**EXERCISE:** Set down the data below without change, skipping the pictures it holds.

**RECORDED INFORMATION:**
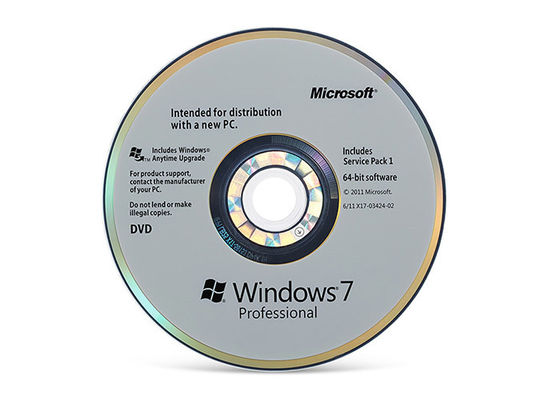 Língua multilingue do sistema operacional de Windows 7 da chave da licença com pacote completo de DVD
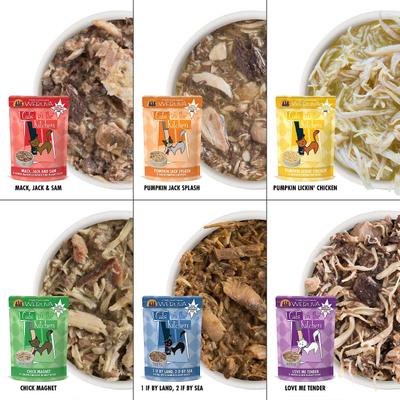 Bundle: Inaba Grain-Free Grilled Chicken Fillet Extra Tender in Crab Flavored Broth Cat Treat, 0.9-oz pouch + Weruva Cats in the Kitchen Variety Pack Grain-Free Cat Food Pouches, 3-oz, case of 12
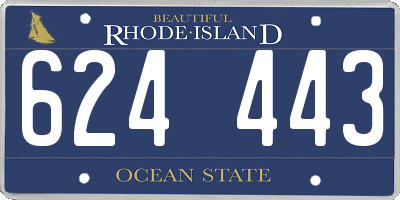 RI license plate 624443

**RESPONSE AREA:**
 Língua multilingue do sistema operacional de Windows 7 da chave da licença com pacote completo de DVD
 Bundle: Inaba Grain-Free Grilled Chicken Fillet Extra Tender in Crab Flavored Broth Cat Treat, 0.9-oz pouch + Weruva Cats in the Kitchen Variety Pack Grain-Free Cat Food Pouches, 3-oz, case of 12
 RI license plate 624443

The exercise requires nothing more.